E quem não relembra, repete. E repete de uma forma em que o sistema motor substitui o pensamento. Essa parece ser a história dos fazendeiros que fazem churrascos, verdadeiros banquetes totêmicos, para comemorar o assassinato de um líder no campo, ou que ainda, colocam a prêmio cabeças de outros líderes, pelo preço de uma refeição, em um restaurante qualquer. As religiões e a arte tentam ritualísticas e espacialidades, por onde essa repetição se dê, de forma cada vez menos dolorosa.

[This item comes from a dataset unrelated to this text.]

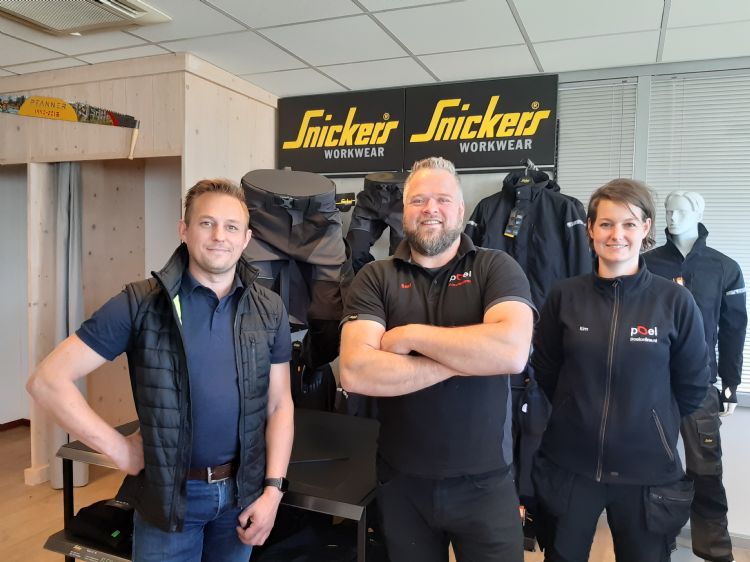 V.l.n.r.: Jeroen Reupkes (Snickers Workwear), Jeroen Davelaar (Poel Bosbouw Baambrugge), Kim van Essen (Poel Bosbouw Apeldoorn) V.l.n.r.: Jeroen Reupkes (Snickers Workwear), Jeroen Davelaar (Poel Bosbouw Baambrugge), Kim van Essen (Poel Bosbouw Apeldoorn)
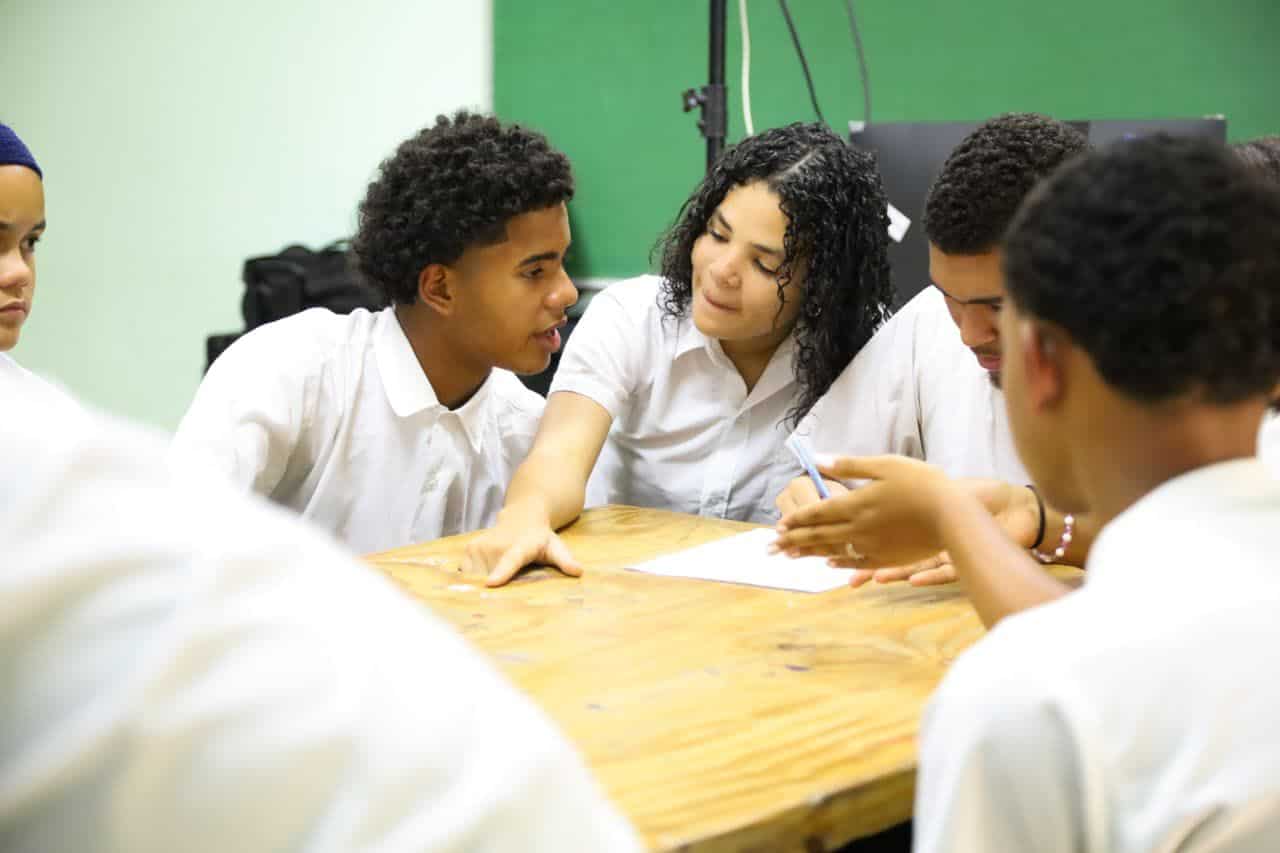 Estudiantes del Liceo Cient&iacute;fico Dr. Miguel Canela L&aacute;zaro.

Mas parece ser inútil um pensamento que se pretenda livre delas, dessas trágicas repetições. Estamos sempre repetindo. Como em um ensaio tentamos nossa situação no mundo. Quem participa da luta pelo ambiente nesses últimos trinta anos sabe disso. O que, além disso, podemos acrescentar? Talvez, timidamente, que podemos estar diante dos textos, como quem vai ao teatro assistir a uma cena estranha, sem ter a plena noção, o quanto, dela, é parte. Não podemos esquecer, entretanto, que, por isso mesmo, se trata de uma tragédia. Onde o central da tragédia, nos mostrou Whitehead (Hardin, 1968), é a distância sem remorso com que o ator se desloca na cena. Assim nos colocamos diante do ambiente e da "exploração" de seus recursos e do outro que necessita desses recursos para o ensaio do seu fazer e fazer-se. Com isso, termino o que queria dizer e faço a minha homenagem a Augusto Boal, mestre da representação e dos ensaios por onde, com a sua presença, a vida pode, então, se manifestar. Essa homenagem é uma coisa que queria fazer há muito tempo.